Money and Finance
Reuters Special Report - China's answer to subprime bets: the "Golden Elephant"
Found via Mish.
The Chinese investment vehicle known as "Golden Elephant No. 38" promises buyers a 7.2 percent return per year. That's more than double the rate offered on savings accounts nationally.
Absent from the product's prospectus is any indication of the asset underpinning Golden Elephant: a near-empty housing project in the rural town of Taihe, at the end of a dirt path amid rice fields in one of China's poorest provinces.
"They haven't even built a proper road here," said Li Chun, a car repairman, who said he lives in the project.
"The local government is holding onto the flats and only wants to sell them when prices go up."
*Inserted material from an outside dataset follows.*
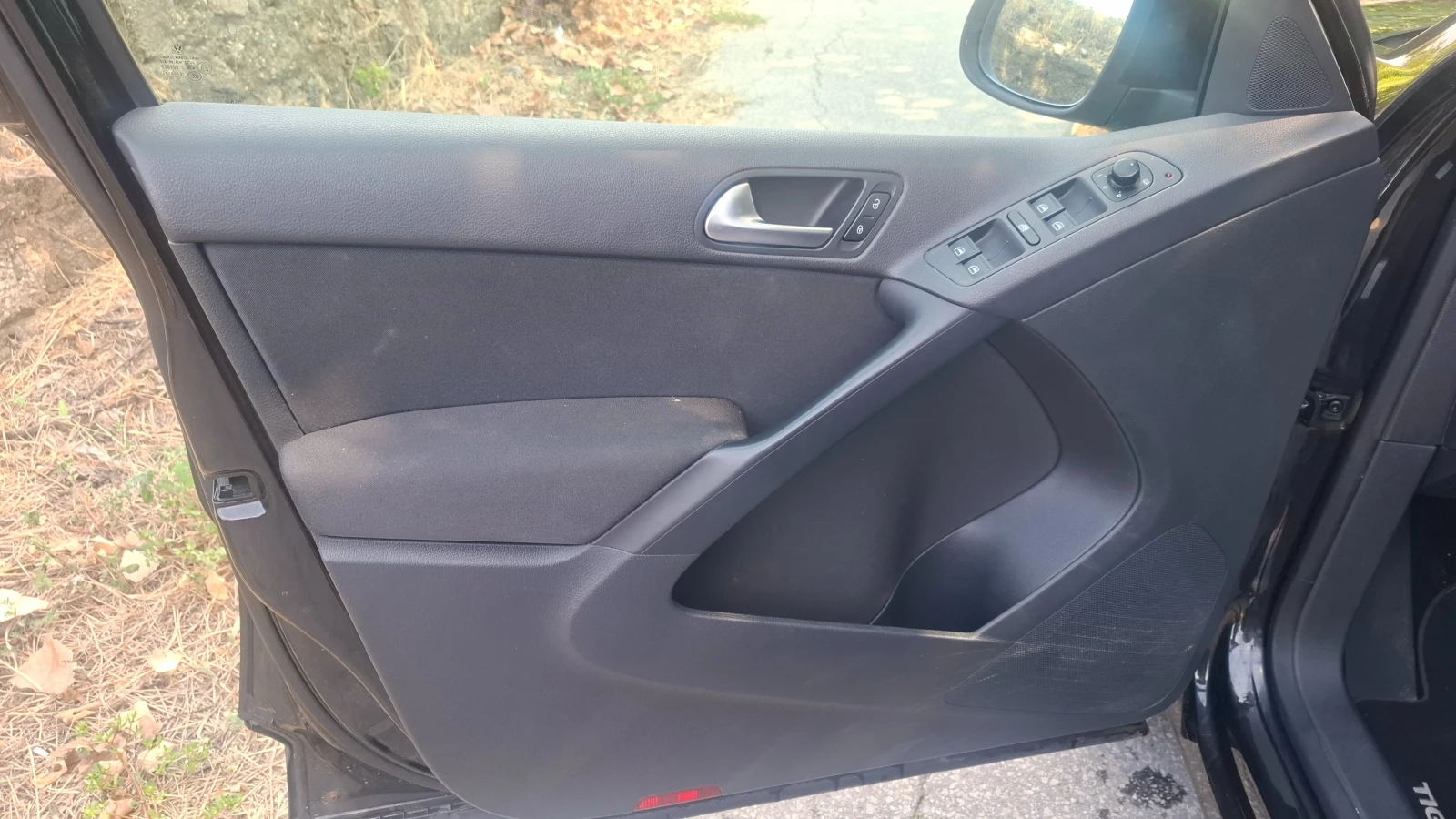 VW Tiguan 2.0 TDI, снимка 11 - Автомобили и джипове - 55854190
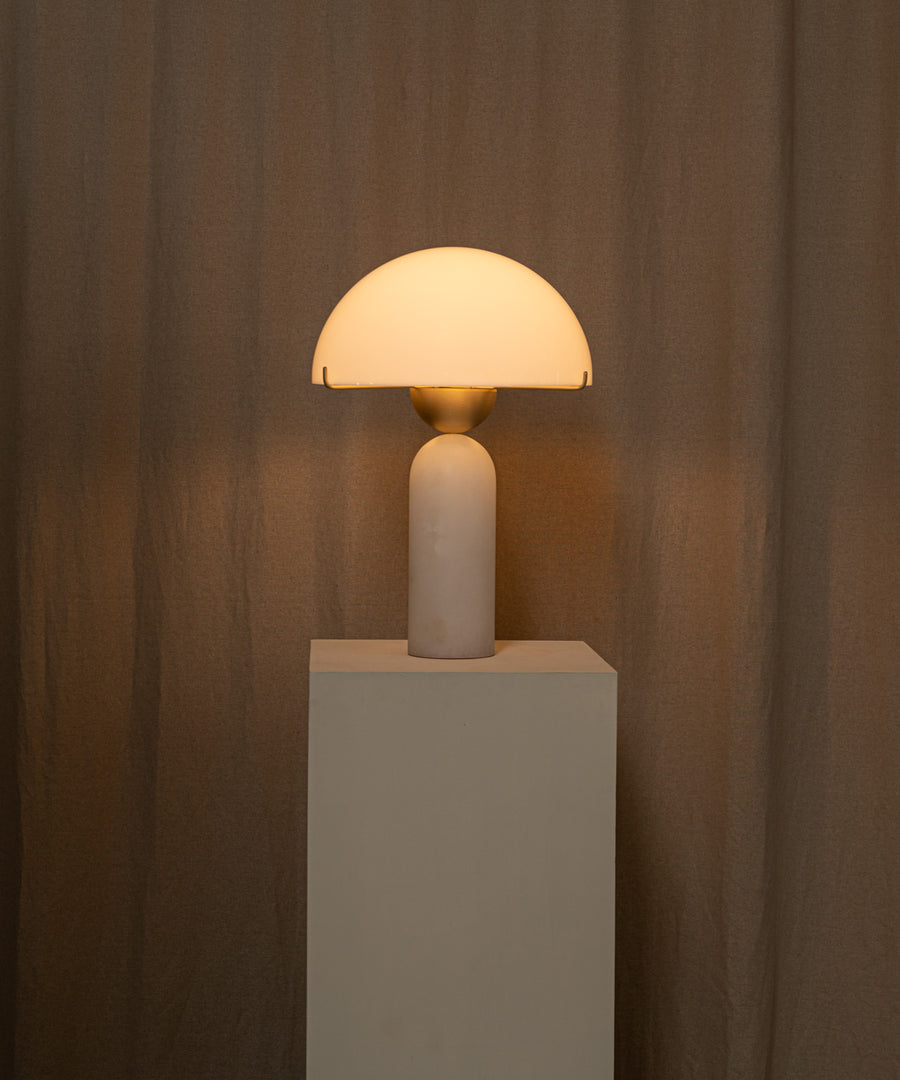Lunena kugleformet bordlampe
Golden Elephant No. 38 is one of thousands of "wealth-management products", instruments aimed at monied investors, which have shown phenomenal growth over the last five years. Sales of them soared 43 percent in the first half of 2012 to 12.14 trillion yuan ($1.90 trillion), according to a report by CN Benefit, a Chinese wealth-management consultancy.
They are usually created in China's "shadow banking" system - non-banking institutions that are not subject to the same regulations as banks - which has grown to account for around a fifth of all new financing in China.
Like the subprime-debt lending spree in the United States that helped spark the 2008 financial crisis, the products are often opaque, and usually dependent on high-risk underlying assets, such as the Taihe housing project.